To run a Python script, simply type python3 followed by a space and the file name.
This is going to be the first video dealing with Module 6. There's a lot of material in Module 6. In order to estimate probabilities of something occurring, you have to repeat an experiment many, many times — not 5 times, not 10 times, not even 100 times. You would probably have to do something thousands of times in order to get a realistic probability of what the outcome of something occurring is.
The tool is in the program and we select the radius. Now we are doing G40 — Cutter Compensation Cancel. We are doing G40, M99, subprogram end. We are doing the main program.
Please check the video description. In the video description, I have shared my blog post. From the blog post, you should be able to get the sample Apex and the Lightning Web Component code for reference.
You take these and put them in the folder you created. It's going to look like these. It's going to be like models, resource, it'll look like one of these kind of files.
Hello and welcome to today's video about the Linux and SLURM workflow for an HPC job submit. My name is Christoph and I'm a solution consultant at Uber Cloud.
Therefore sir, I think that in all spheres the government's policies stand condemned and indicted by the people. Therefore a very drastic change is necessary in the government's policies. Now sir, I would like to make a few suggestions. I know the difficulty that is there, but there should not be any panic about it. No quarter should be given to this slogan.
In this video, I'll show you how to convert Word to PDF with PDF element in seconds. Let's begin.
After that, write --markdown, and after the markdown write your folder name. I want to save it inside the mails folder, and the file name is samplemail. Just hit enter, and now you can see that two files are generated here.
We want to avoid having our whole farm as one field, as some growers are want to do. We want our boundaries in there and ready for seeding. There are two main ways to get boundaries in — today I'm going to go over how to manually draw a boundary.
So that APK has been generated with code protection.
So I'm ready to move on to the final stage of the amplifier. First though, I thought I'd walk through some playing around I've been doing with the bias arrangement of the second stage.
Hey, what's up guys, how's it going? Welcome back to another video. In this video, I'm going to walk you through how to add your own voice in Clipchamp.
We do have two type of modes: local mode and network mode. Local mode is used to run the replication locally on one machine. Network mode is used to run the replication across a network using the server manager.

* _PROBLEM TO WORK ON_:
Returned text must match every record word for word.

* _ANSWER BOX_:
To run a Python script, simply type python3 followed by a space and the file name.
This is going to be the first video dealing with Module 6. There's a lot of material in Module 6. In order to estimate probabilities of something occurring, you have to repeat an experiment many, many times — not 5 times, not 10 times, not even 100 times. You would probably have to do something thousands of times in order to get a realistic probability of what the outcome of something occurring is.
The tool is in the program and we select the radius. Now we are doing G40 — Cutter Compensation Cancel. We are doing G40, M99, subprogram end. We are doing the main program.
Please check the video description. In the video description, I have shared my blog post. From the blog post, you should be able to get the sample Apex and the Lightning Web Component code for reference.
You take these and put them in the folder you created. It's going to look like these. It's going to be like models, resource, it'll look like one of these kind of files.
Hello and welcome to today's video about the Linux and SLURM workflow for an HPC job submit. My name is Christoph and I'm a solution consultant at Uber Cloud.
Therefore sir, I think that in all spheres the government's policies stand condemned and indicted by the people. Therefore a very drastic change is necessary in the government's policies. Now sir, I would like to make a few suggestions. I know the difficulty that is there, but there should not be any panic about it. No quarter should be given to this slogan.
In this video, I'll show you how to convert Word to PDF with PDF element in seconds. Let's begin.
After that, write --markdown, and after the markdown write your folder name. I want to save it inside the mails folder, and the file name is samplemail. Just hit enter, and now you can see that two files are generated here.
We want to avoid having our whole farm as one field, as some growers are want to do. We want our boundaries in there and ready for seeding. There are two main ways to get boundaries in — today I'm going to go over how to manually draw a boundary.
So that APK has been generated with code protection.
So I'm ready to move on to the final stage of the amplifier. First though, I thought I'd walk through some playing around I've been doing with the bias arrangement of the second stage.
Hey, what's up guys, how's it going? Welcome back to another video. In this video, I'm going to walk you through how to add your own voice in Clipchamp.
We do have two type of modes: local mode and network mode. Local mode is used to run the replication locally on one machine. Network mode is used to run the replication across a network using the server manager.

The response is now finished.